- WORK TO COMPLETE
Reproduce every line of the material below exactly. No pictures belong in the copy.
Segment Start: DATASET CONTENT
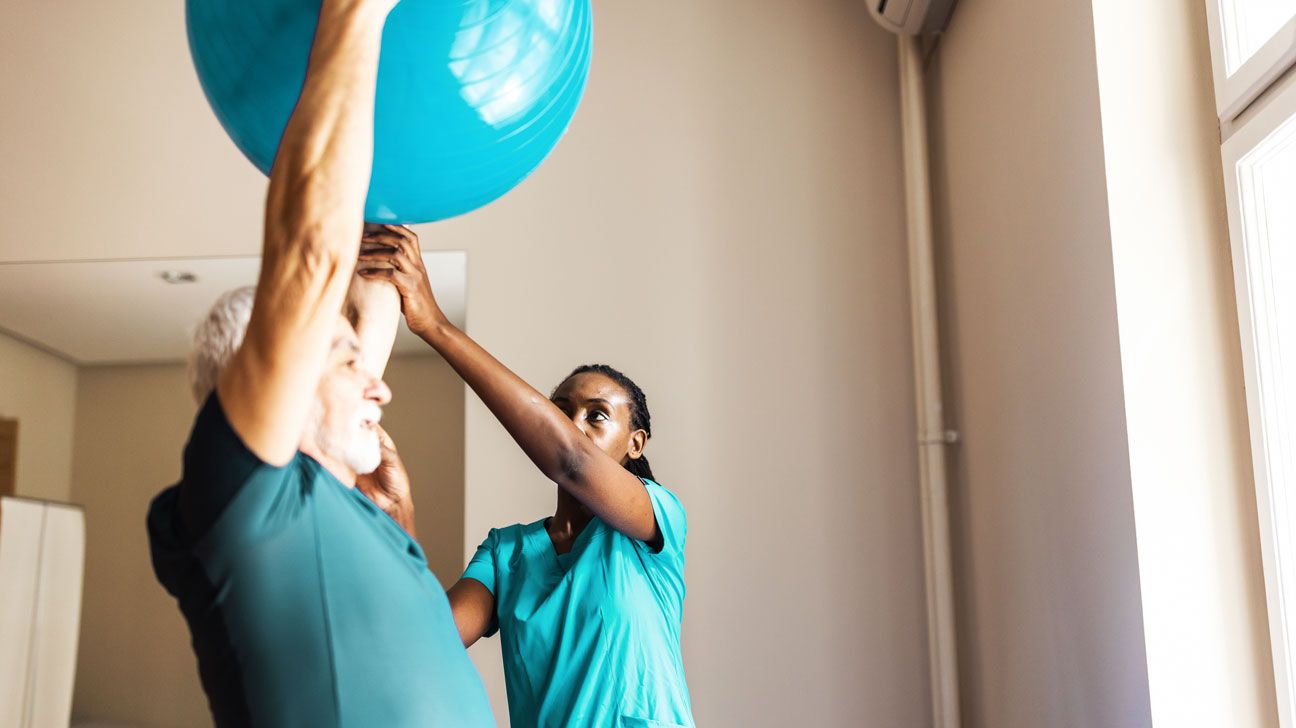 person med ALS under sjukgymnastiksessionen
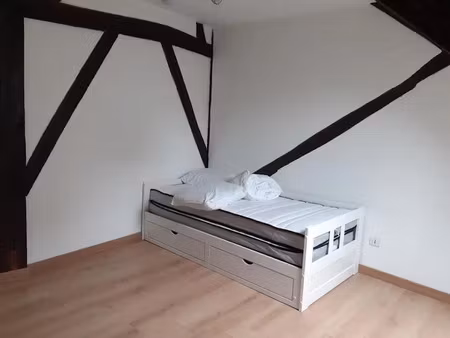 location meublée appartement 1 pièce 16 m² à bourges (18000)  470 €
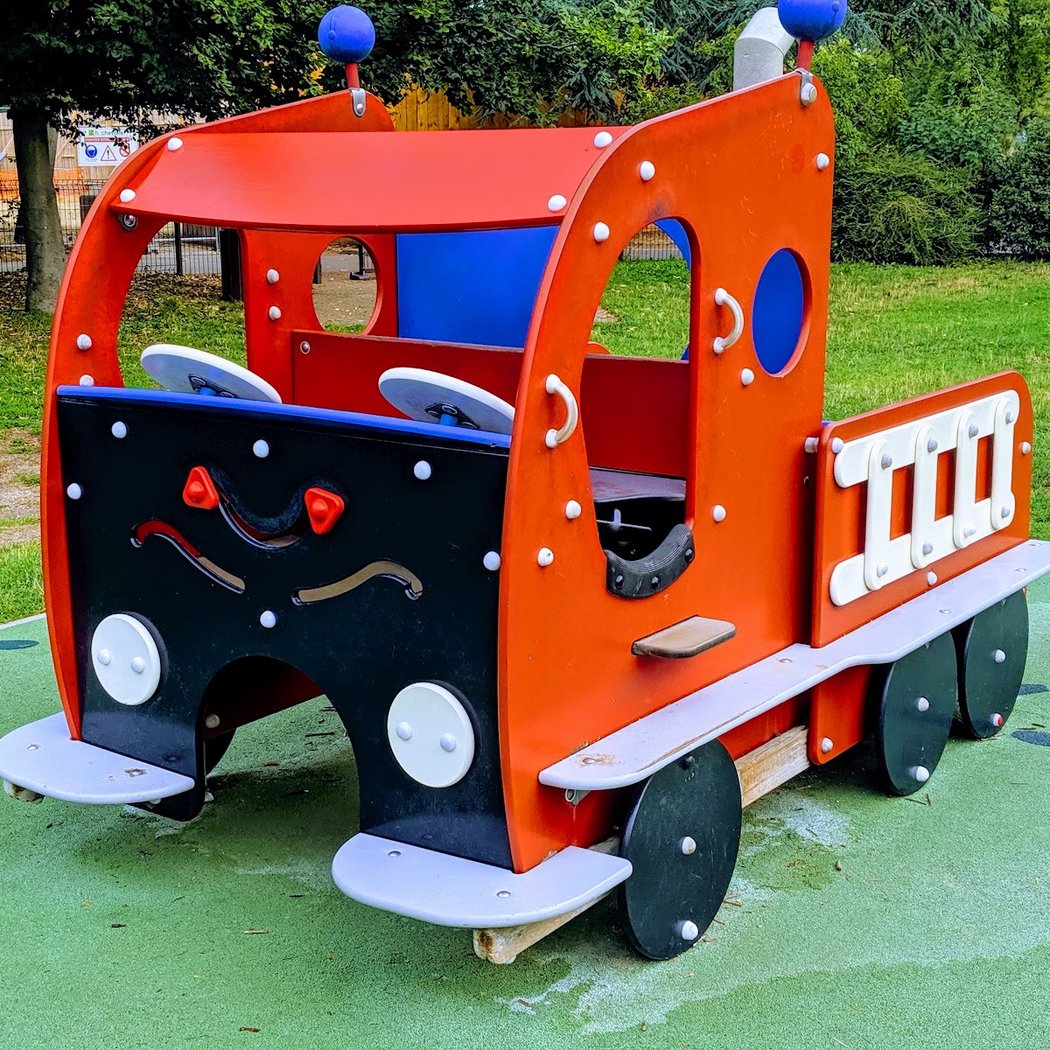 Terrain de Jeux d'Enfants 1
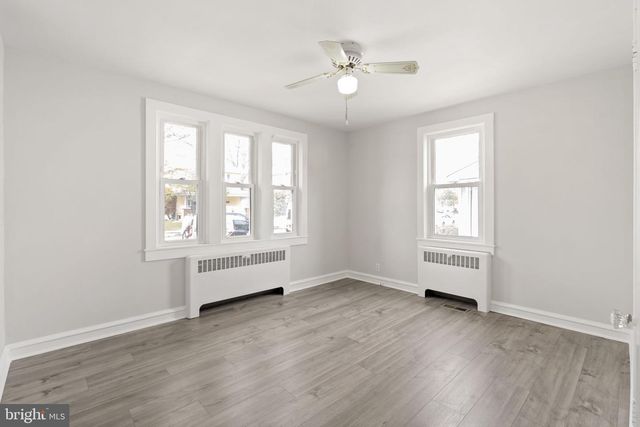 565 GREENWICH AVE, Paulsboro, NJ 08066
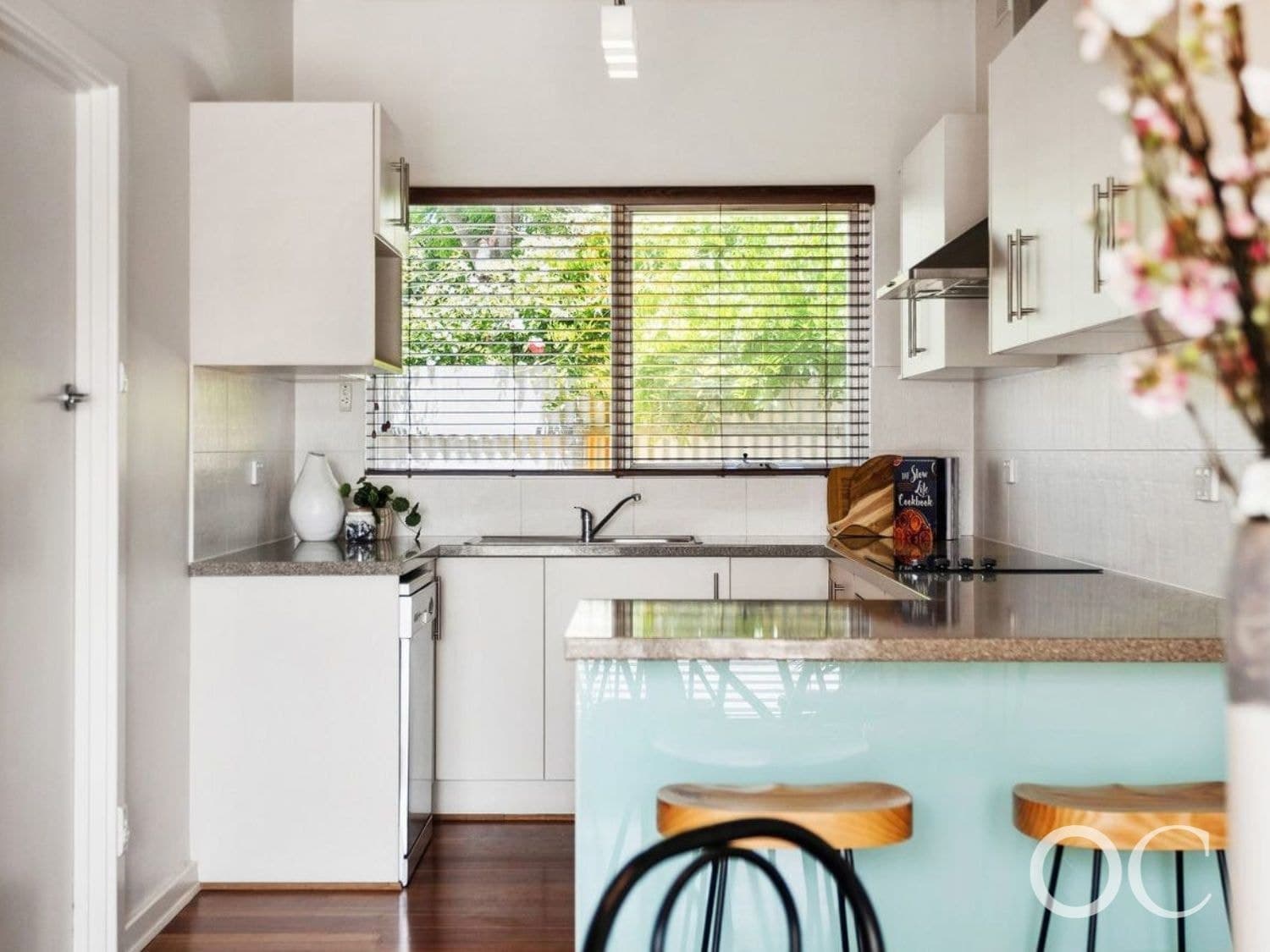 3/30 Bath Street, Glenelg South - Thumbnail 2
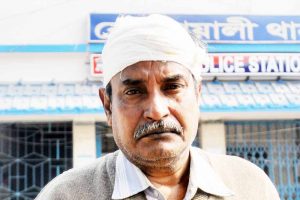 Injured teacher Mahim Ranjan Ganguly at Krishnanagar police station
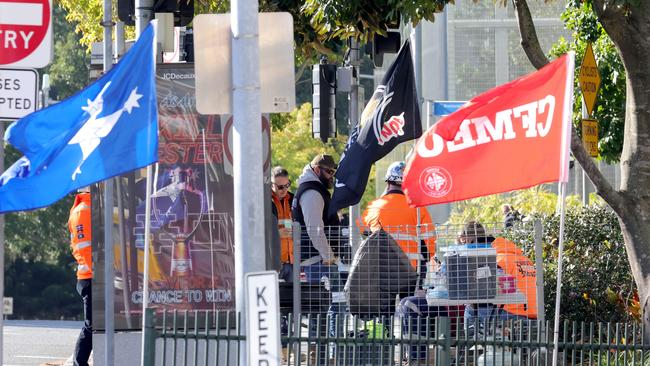 CFMEU near the Cross River Rail, Roma St work site in Brisbane. Picture: Steve Pohlner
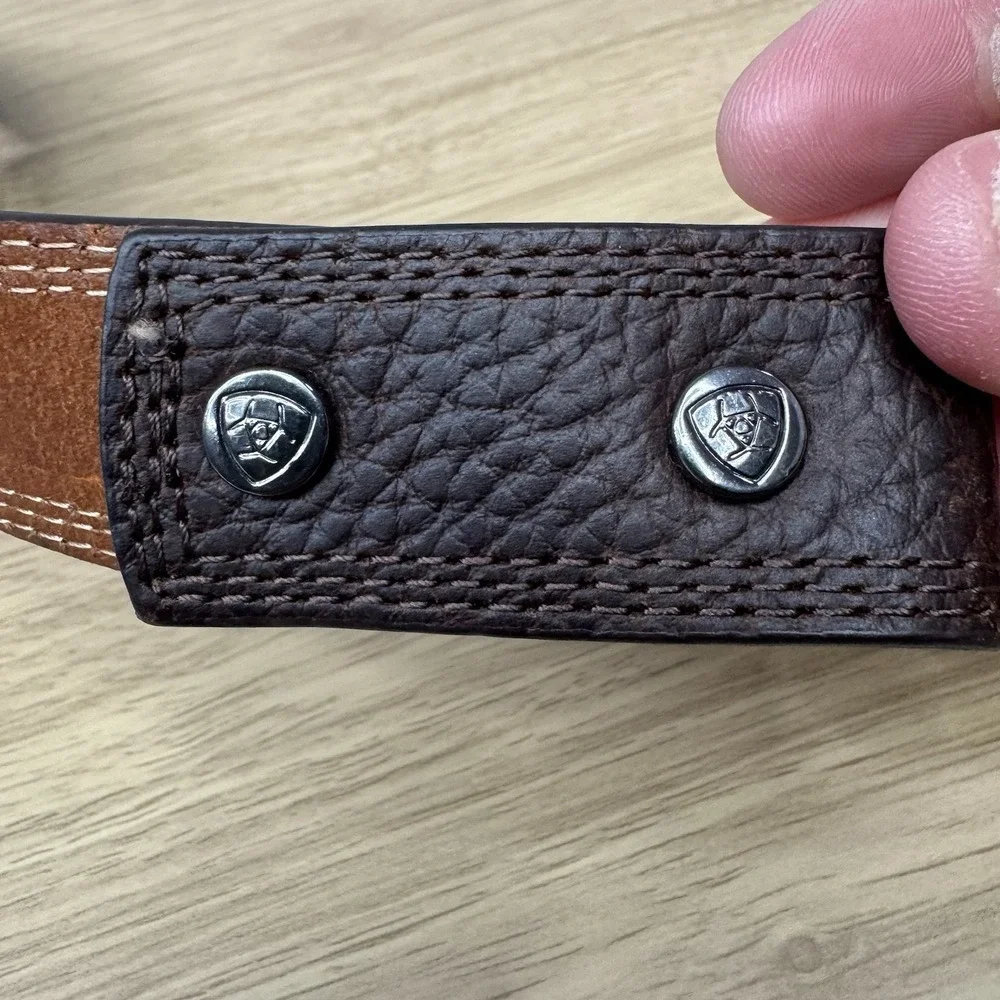 Ariat Rodeo Champion Belt Boys Size 26 Genuine Leather A1305802 No Buckle Youth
Segment End: DATASET CONTENT
- REPLY
 person med ALS under sjukgymnastiksessionen
 location meublée appartement 1 pièce 16 m² à bourges (18000)  470 €
 Terrain de Jeux d'Enfants 1
 565 GREENWICH AVE, Paulsboro, NJ 08066
 3/30 Bath Street, Glenelg South - Thumbnail 2
 Injured teacher Mahim Ranjan Ganguly at Krishnanagar police station
 CFMEU near the Cross River Rail, Roma St work site in Brisbane. Picture: Steve Pohlner
 Ariat Rodeo Champion Belt Boys Size 26 Genuine Leather A1305802 No Buckle Youth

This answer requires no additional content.